Requires hospitals to develop a violence prevention program
Hospitals must create, implement, and update a formal violence prevention program with risk assessments, training, incident reporting, and coordination with law enforcement.
Hospitals must create, implement, and update a formal violence prevention program with risk assessments, training, incident reporting, and coordination with law enforcement.
Status and sponsors
- Bill number: A.203 (prints A203A / A203B)
- Title: Requires hospitals to develop a violence prevention program
- Introduced: January 8, 2025
- Primary sponsor: Assemblymember Catalina Cruz; many cosponsors (see full list above)
- Legislative status (as of 2025-06-11): Passed Assembly (6/11/2025); delivered to and passed the Senate (6/11/2025) after substitution for S5294B; bill was returned to the Assembly on 6/11/2025 (presumably for concurrence on Senate changes). Companion: S.5294 (S5294B).
Purpose / intent
- The bill requires hospitals to adopt and maintain a formal violence prevention program intended to reduce workplace and patient-directed violence, improve safety for patients and staff, and standardize prevention, reporting, and response practices across hospitals.
Key provisions (overview)
Note: the public bill text provided was not fully legible in the materials supplied. The items below summarize the core requirement (from the bill title/summary) and the sorts of specific elements that A.203 is designed to establish or typically includes in statutes of this type. Exact statutory language and any deadlines or penalty provisions should be confirmed in the bill text.
Who would be affected
- Hospitals licensed in the state (administration and compliance officers)

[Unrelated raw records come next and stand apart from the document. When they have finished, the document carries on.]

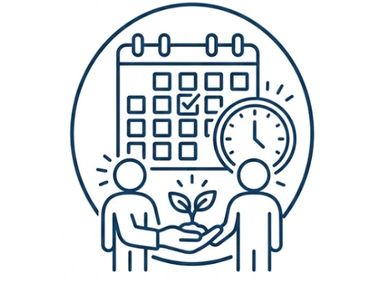 Two figures exchanging a plant with calendar and clock in the background.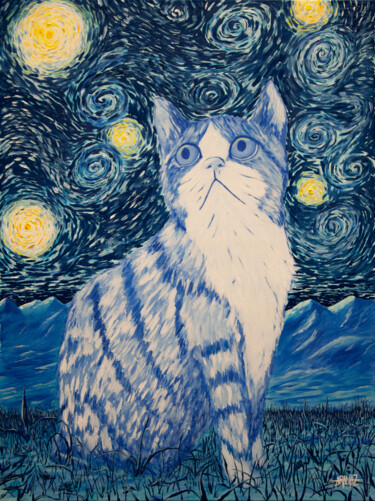 Картина под названием "El gato estrellado" - Igor Aranaz, Подлинное произведение искусства, Масло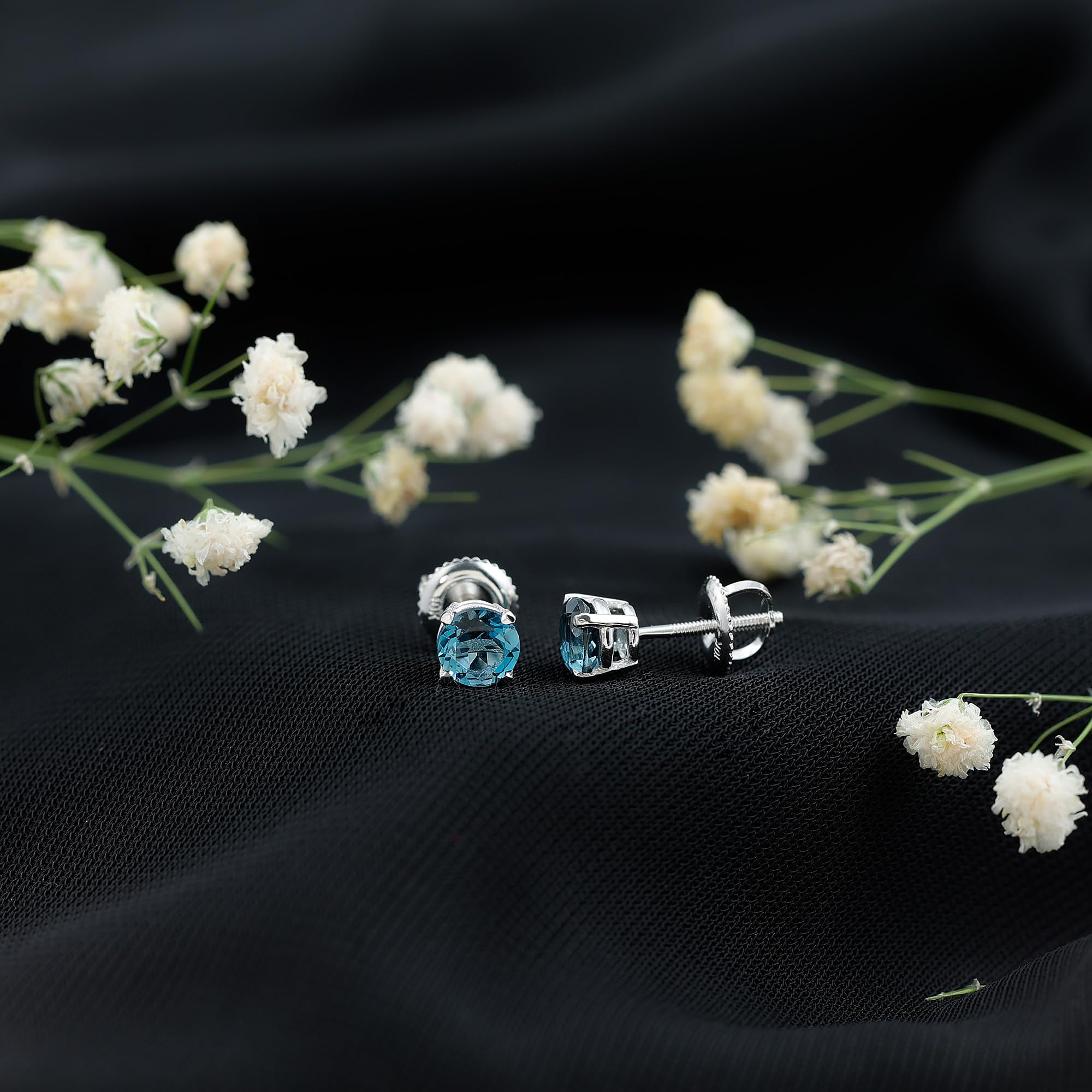 London Blue Topaz Solitaire Screw Back Stud Earrings - December Birthstone Jewelry, Elegant Gift for Women, Perfect for Birthdays, Anniversaries & Special Occasions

- Hospital employees and contractors (clinical and non‑clinical staff)
- Patients and visitors (through enhanced safety measures)

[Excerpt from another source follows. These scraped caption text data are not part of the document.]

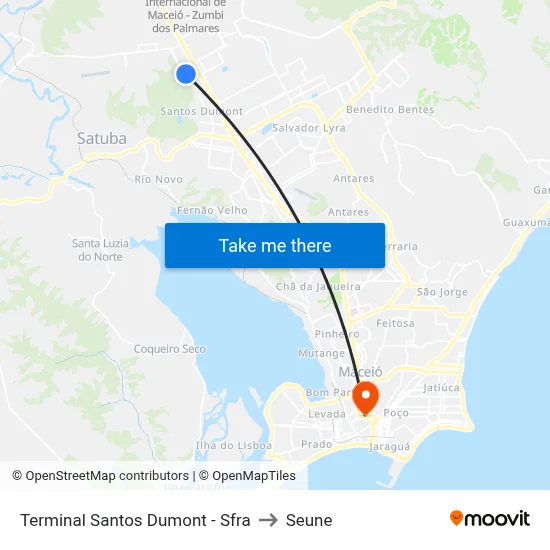 Terminal Santos Dumont - Sfra to Seune map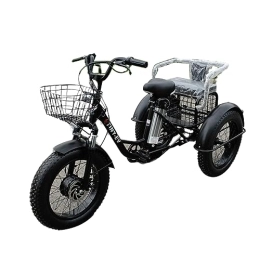OSHKI Bike OSHKI 3 Wheels Electric Bicycle 24 Inch 500W High Brush Motor Tricycle Equipped with 48V 12Ah Detachable Lithium Battery Tricycle for Adult Elderly And Women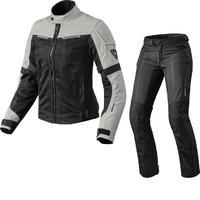 Rev It Airwave 2 Ladies Motorcycle Jacket & Trousers White Black Kit
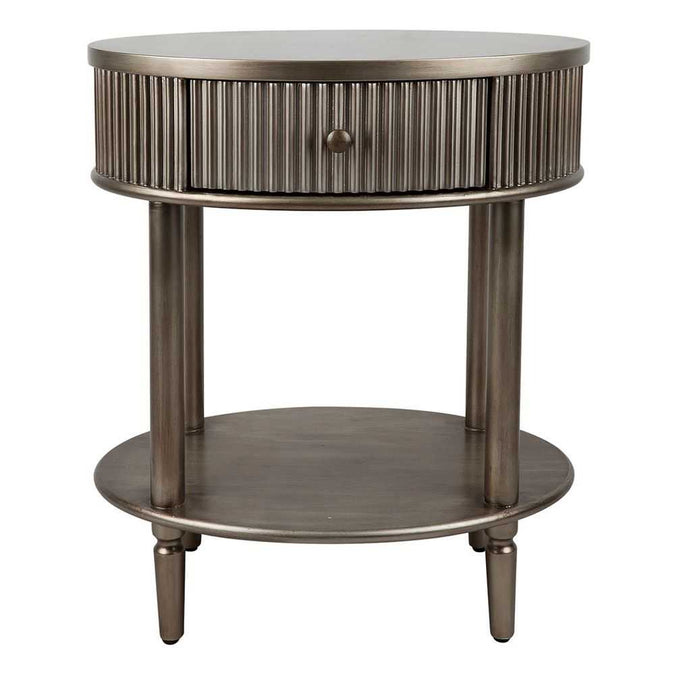 Arielle Oval Bedside Table - Antique Gold - - Eleganté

- Local public safety and public health partners (coordination/ reporting)
- Potential budget/operational impacts for hospitals (training, security upgrades, recordkeeping)
Potential impacts
- Positive public‑health and occupational safety outcomes: reduced incidents of violence, clearer reporting and response, better staff preparedness.

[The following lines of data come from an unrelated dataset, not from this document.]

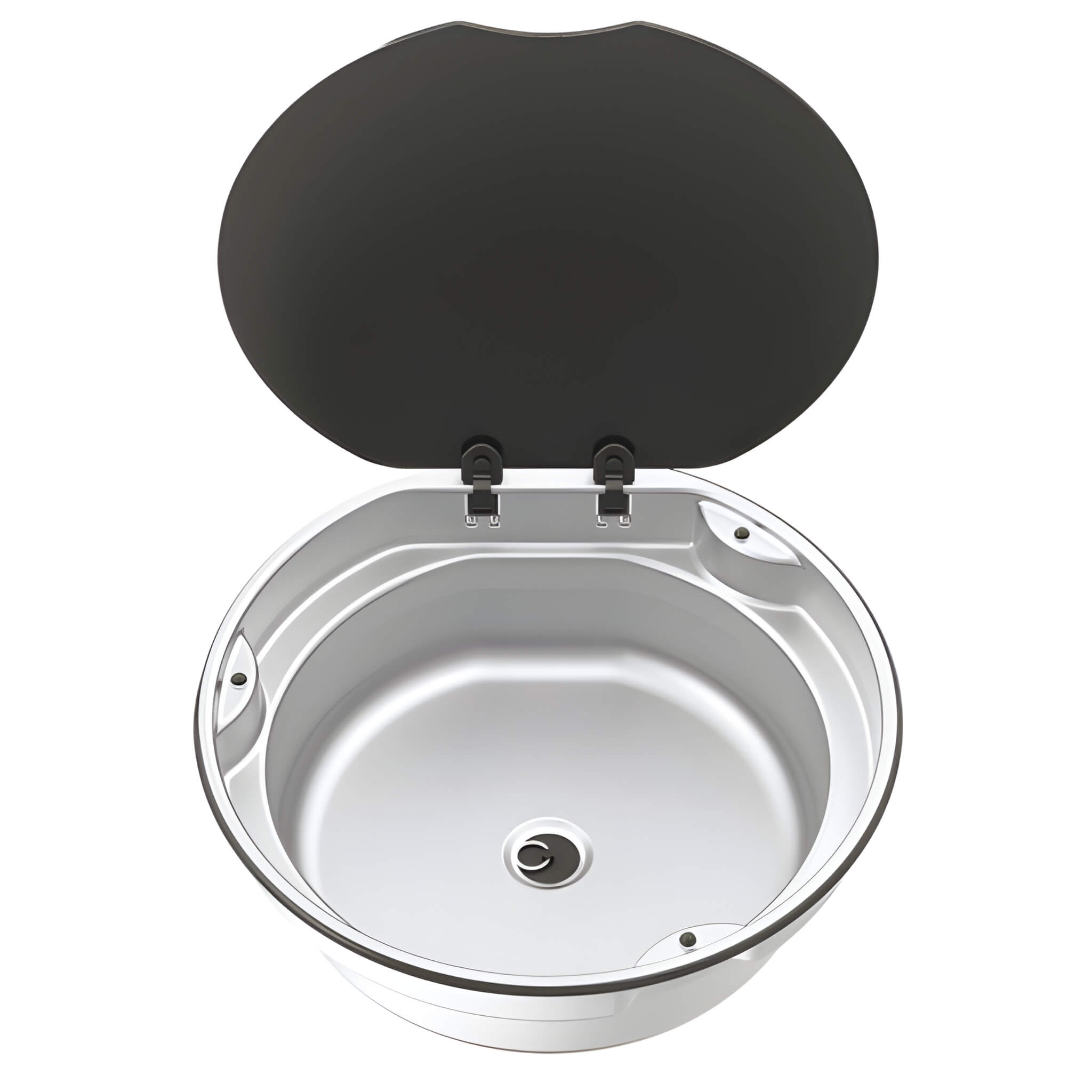 Evier couvercle Basic Line 30 Thetford 1 Évier rond Basic Line 30 Thetford en acier inoxydable diamètre 328 mm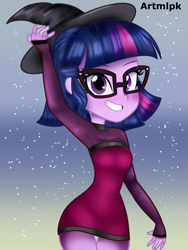 Size: 1536x2048 | Tagged: safe, artist:artmlpk, sci-twi, twilight sparkle, equestria girls, adorasexy, adorkable, alternate hairstyle, blushing, clothes, costume, cute, dork, female, halloween, halloween costume, hat, holiday, looking at you, minidress, sexy, short hair, smiling at you, solo, thigh gap, twiabetes, witch, witch costume, witch hat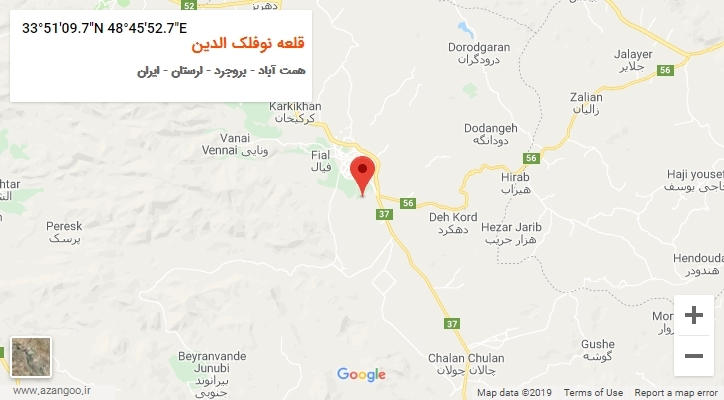 روستای قلعه نوفلک الدین بر روی نقشه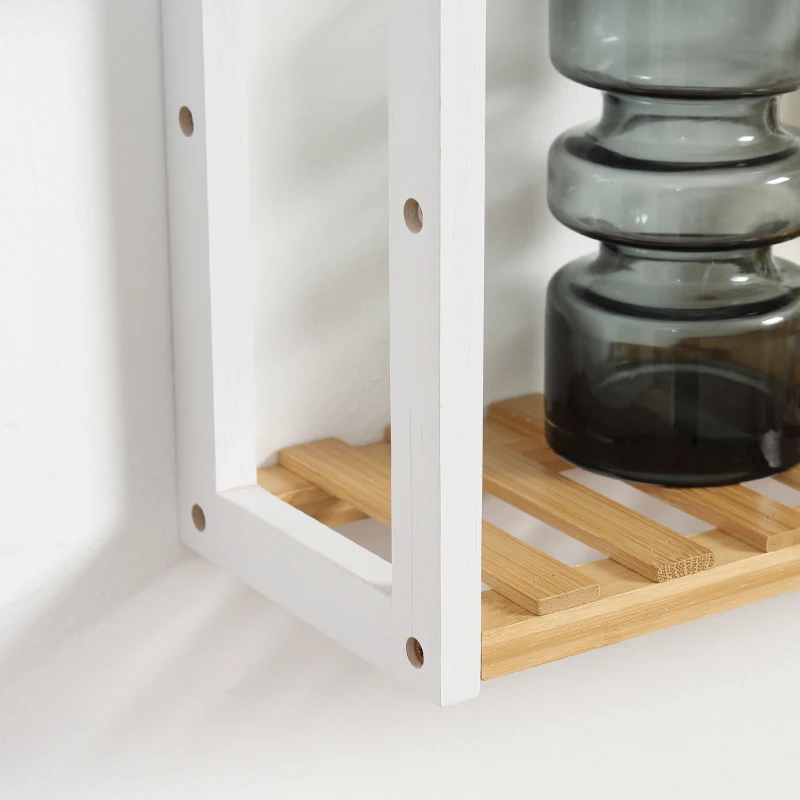 HOMCOM Estante de Parede de Bambu de 3 Níveis Estante Suspensa para Sala de Estar Dormitório Cozinha 60x15x54cm Madeira e Branco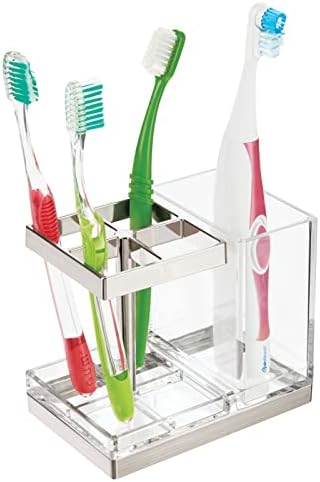 mDesign Plastic Toothbrush and Toothpaste Storage Organizer Holder - Home Decor for Bathroom Countertop - Holds Toiletries and Beauty Accessories - Lumiere Collection - Clear/Brushed - Image 5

- Administrative and fiscal effects: hospitals would face new compliance costs (training, security equipment, personnel time) and recordkeeping responsibilities; smaller hospitals may face proportionally higher burdens.
- Oversight implications: depending on enforcement language, the State may be given authority to audit compliance or tie compliance to licensing/inspection processes.
Procedural/timeline notes
- A.203 was printed in amended forms (A203A, A203B) and amended/re-referred to Health and Ways & Means during the spring of 2025.
- The bill passed both chambers on 6/11/2025 but was returned to the Assembly — typical next step is Assembly concurrence with any Senate amendments; if concurred, the bill would be enrolled and sent to the Governor for signature or veto.
- Check the Assembly legislative record for any concurrence vote or additional amendments following the 6/11/2025 return.
Related legislation
- Companion bill(s): S.5294 / S5294B
- Prior-session related bills: A.10733, A.6728, A.9910, A.4848, A.474
For exact statutory language, compliance dates, enforcement mechanisms, and fiscal notes, consult the official enrolled bill text and the bill’s Legislative Jacket or fiscal impact statement.
Compiled from official sources — confirm details with the bill’s official record.